Since anyone may retrieve ghost pots, mechanisms need to be developed for pot disposal. While people may be willing to bring in ghost pots, they might not want to haul them to the dump and pay for their disposal. All contacted counties, with the exception of Beaufort, accept crab pots at their landfills or transfer stations. Brunswick and Pender counties do not charge for pot disposal (Table 1).

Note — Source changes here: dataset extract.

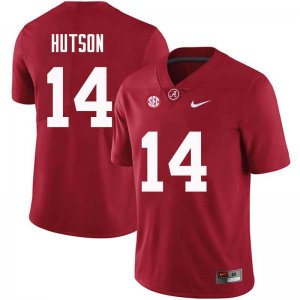 NCAA Men's Alabama Crimson Tide #14 Don Hutson Stitched College Nike Authentic Crimson Football Jersey AT17M08FV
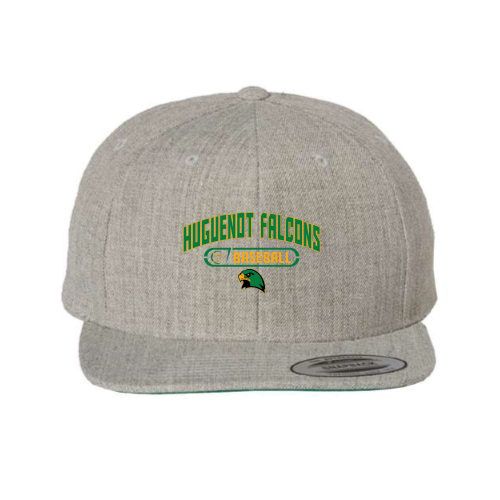 Huguenot Falcons Baseball - Premium Flat Bill Snapback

Table 1. County breakdown of pot disposal fees.
County |
Disposal fee for pots |
Notes |
Perquimans |
$64.00 a ton |
|
Chowan |
$62.00 a ton |
|
Pasquotank |
$53.00 a ton |
|
Camden |
|
|
Currituck |
$56.00 a ton |
|
Dare |
$54.11 a ton |
|
Tyrrell |
N/A |
No transfer station in county, all waste disposed of in containers. |
Washington |
N/A |
Same as Tyrrell Co. |
Hyde |
N/A |
Same as Tyrrell Co. |
Beaufort |
Won’t accept pots |
|
Pamlico |
$46.50 a ton |
|
Craven |
$34.00 a ton |
|
Onslow |
$38.50 a ton |
County residents only |
Pender |
No charge |
County residents only |
New Hanover |
For business $30.00 a ton; non-business $10.00 pick-up load |
|
Brunswick |
No charge |
|
Dockside disposal would allow for individuals to quickly dispose of ghost pots. Trawlers (crab and shrimp) catch large amounts of ghost pots and having disposal sites at fish houses would give them a place to dispose of this gear instead of throwing it back in the water. Many trawlers have expressed their willingness to dispose of this gear on land, if they had a convenient and free disposal site. Dumpster rental is not cheap. For example, one eight yard dumpster leased year round with weekly pick-up ranges from $112.11 a month to $139 a month. Dumpsters could be rented for shorter time periods (the first three weeks of shrimp season), but we still need to find a way to pay for them. Various grant programs (Fishery Resource Grant, Blue Crab Research Program, etc.) might be available for short term solutions, however a long term solution needs to be identified. Given the state budget crunch state funds are not available. Some have suggested that potters be charged a fee to help offset retrieval and disposal costs. Further discussion on this issue needs to take place (DMF, MFC, Crustacean Committee, etc.).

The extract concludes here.